» TASK OBJECTIVE: Whenever a picture appears in the data, skip it and write out all other material exactly.

» RECORDS SUPPLIED:

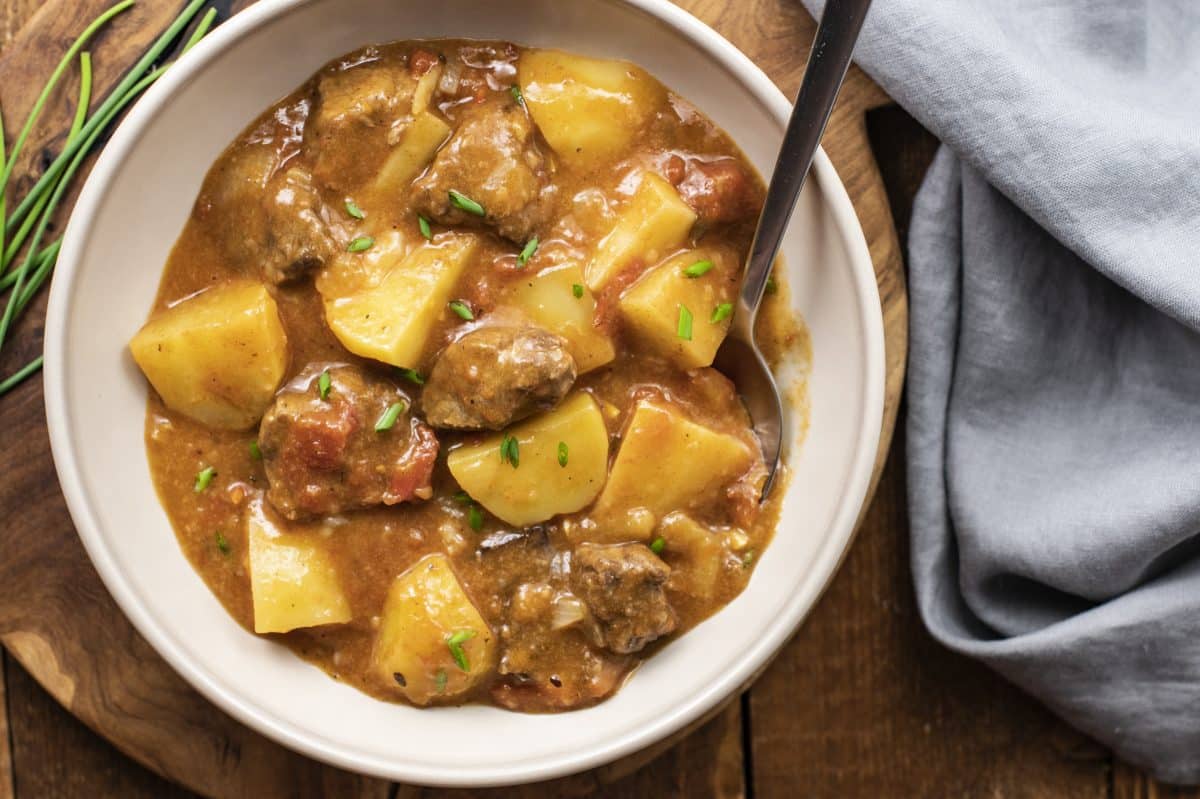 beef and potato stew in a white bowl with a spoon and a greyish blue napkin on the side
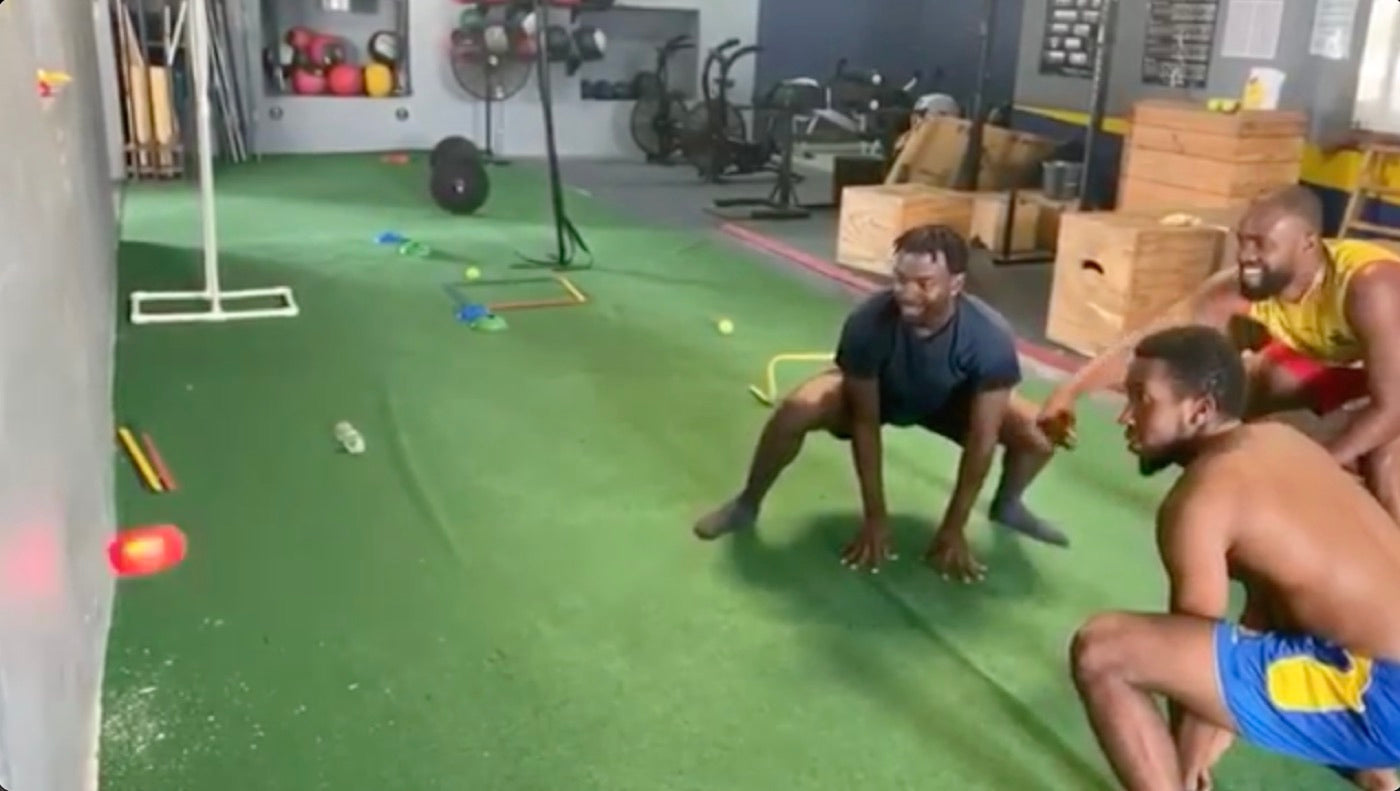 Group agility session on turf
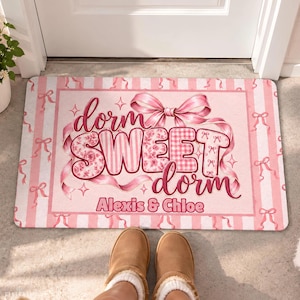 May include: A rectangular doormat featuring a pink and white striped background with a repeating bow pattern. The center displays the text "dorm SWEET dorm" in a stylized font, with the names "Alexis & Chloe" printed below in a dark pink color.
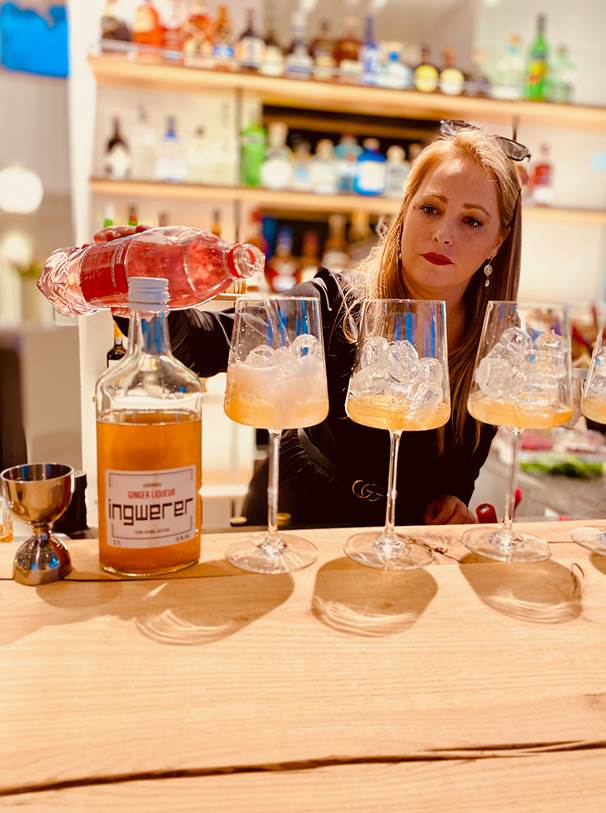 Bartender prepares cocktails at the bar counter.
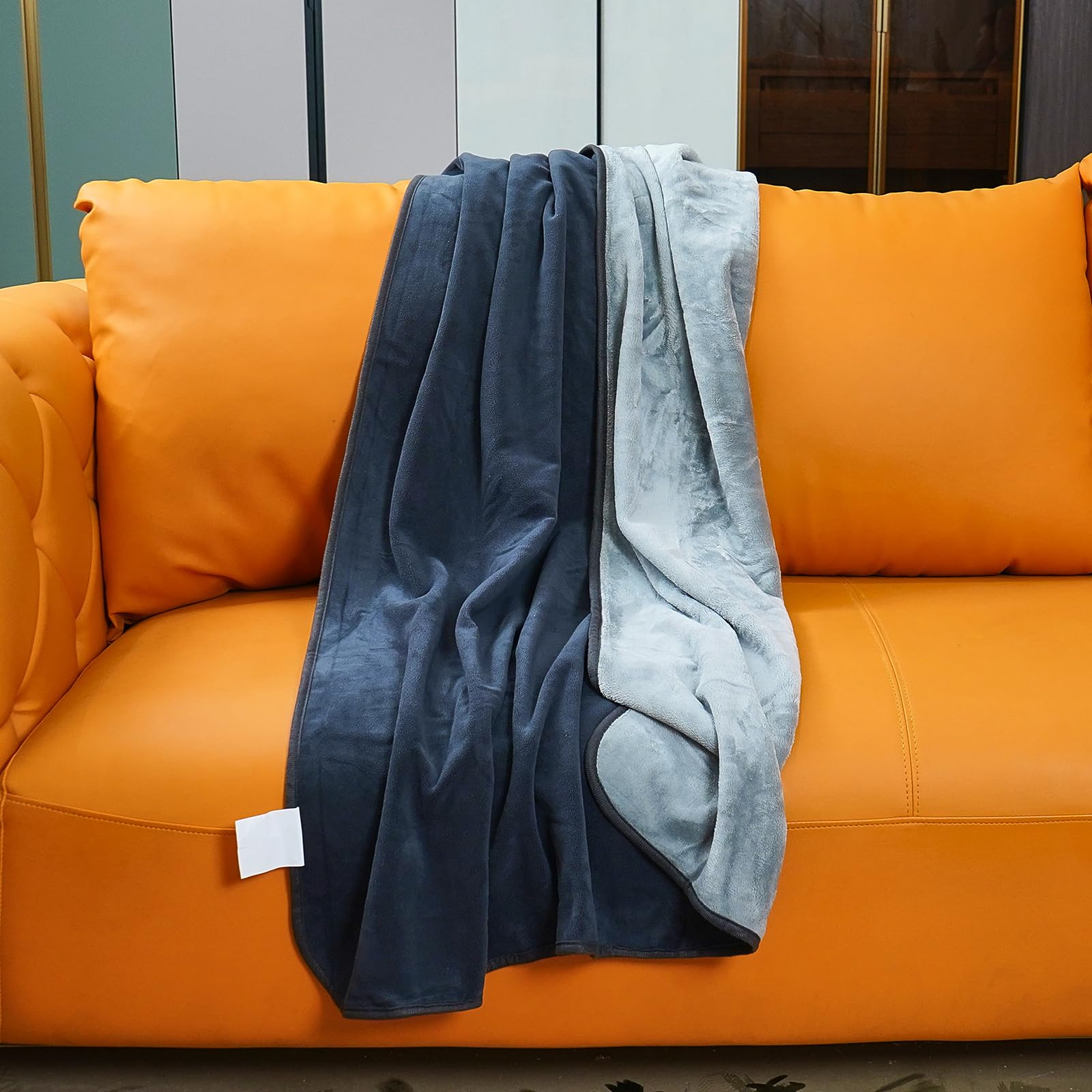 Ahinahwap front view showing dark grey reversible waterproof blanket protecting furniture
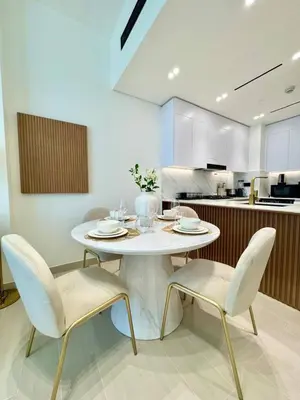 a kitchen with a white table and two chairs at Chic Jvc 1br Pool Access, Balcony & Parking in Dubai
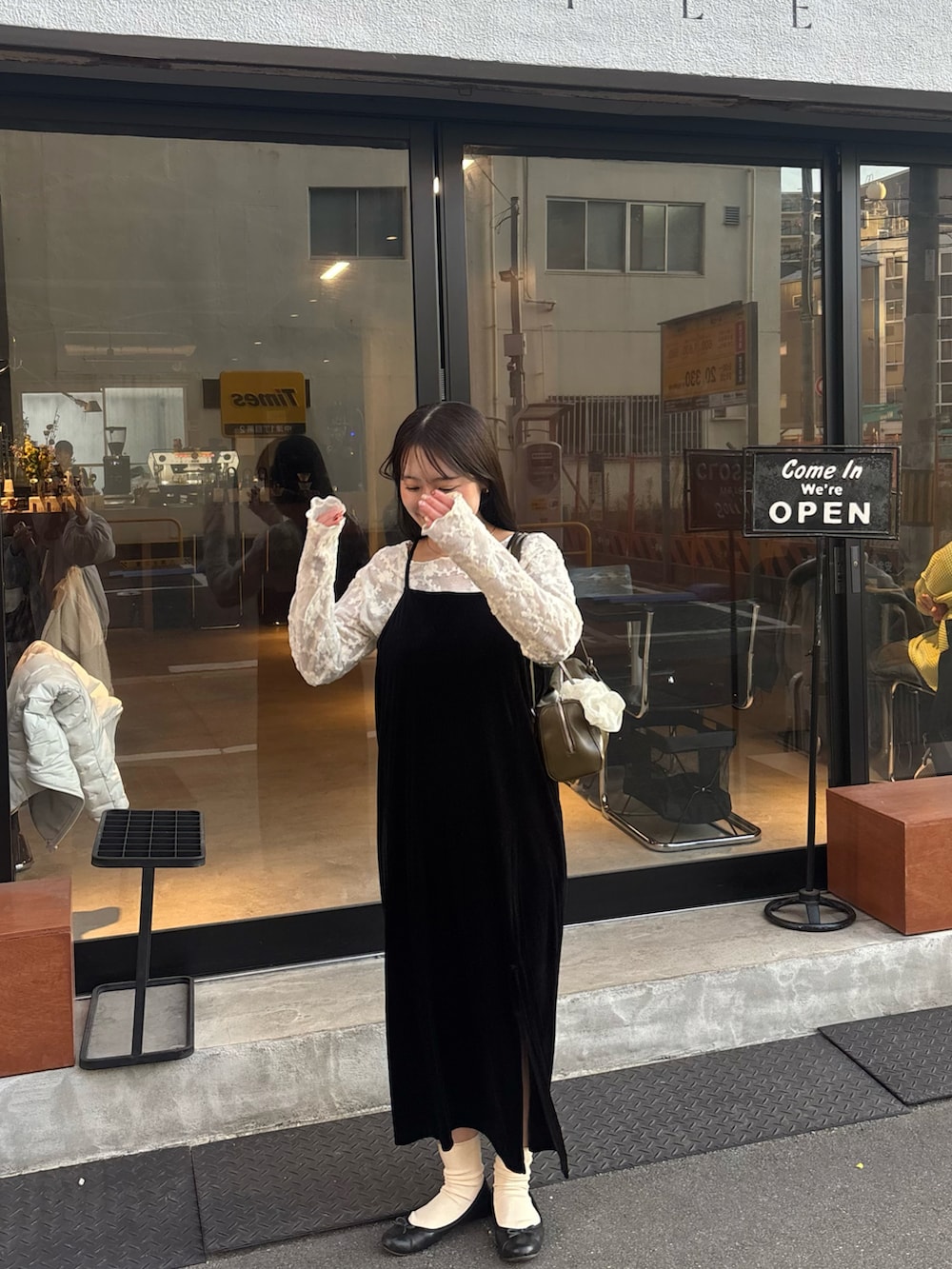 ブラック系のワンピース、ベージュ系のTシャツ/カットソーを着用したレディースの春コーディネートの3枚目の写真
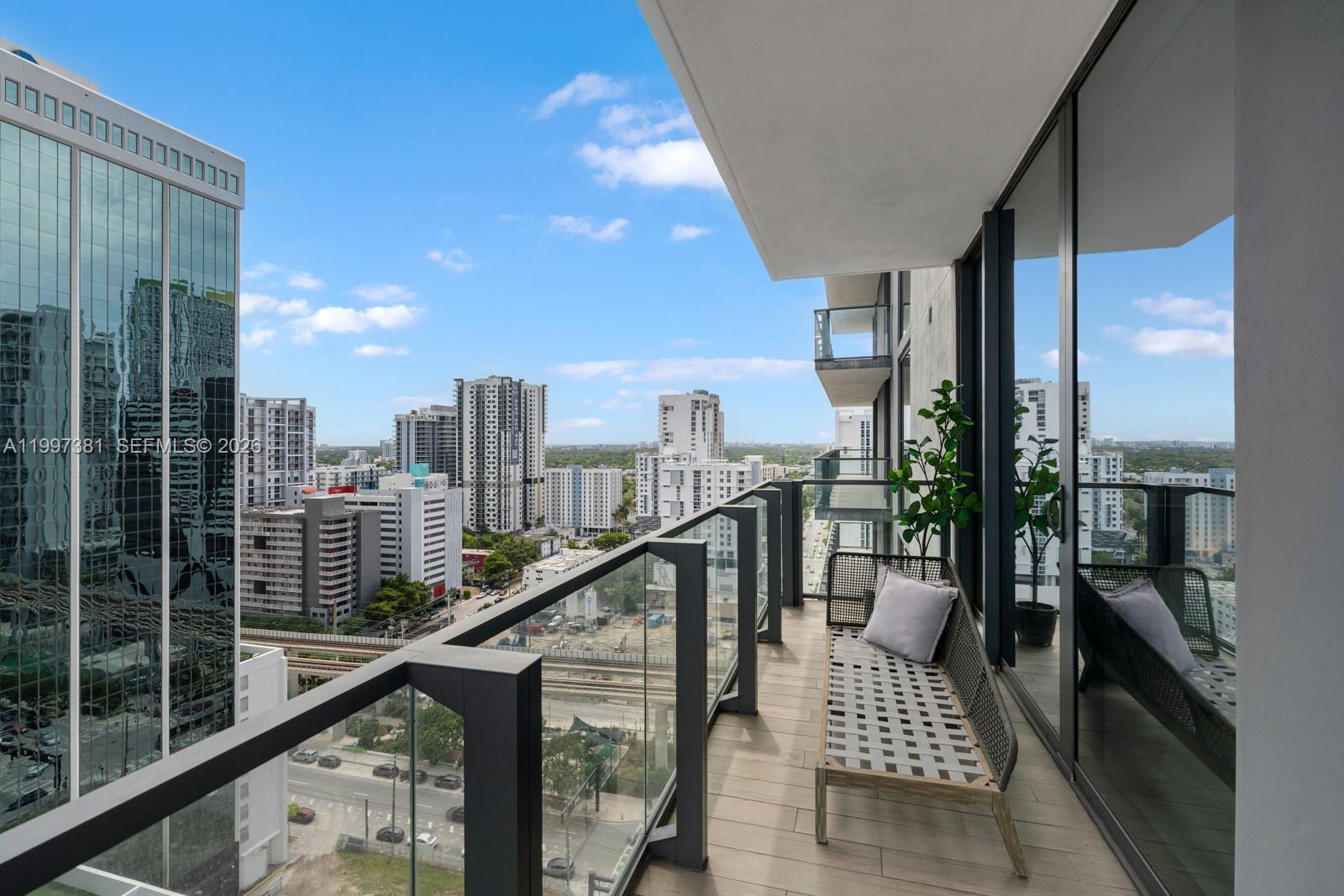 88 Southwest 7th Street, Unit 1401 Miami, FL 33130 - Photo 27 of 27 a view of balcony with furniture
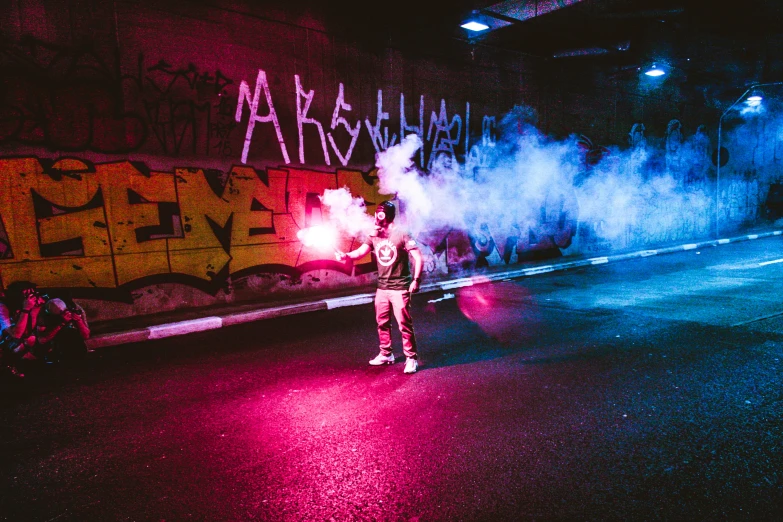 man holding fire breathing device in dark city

» ANSWER BELOW:
 beef and potato stew in a white bowl with a spoon and a greyish blue napkin on the side
 Group agility session on turf
 May include: A rectangular doormat featuring a pink and white striped background with a repeating bow pattern. The center displays the text "dorm SWEET dorm" in a stylized font, with the names "Alexis & Chloe" printed below in a dark pink color.
 Bartender prepares cocktails at the bar counter.
 Ahinahwap front view showing dark grey reversible waterproof blanket protecting furniture
 a kitchen with a white table and two chairs at Chic Jvc 1br Pool Access, Balcony & Parking in Dubai
 ブラック系のワンピース、ベージュ系のTシャツ/カットソーを着用したレディースの春コーディネートの3枚目の写真
 88 Southwest 7th Street, Unit 1401 Miami, FL 33130 - Photo 27 of 27 a view of balcony with furniture
 man holding fire breathing device in dark city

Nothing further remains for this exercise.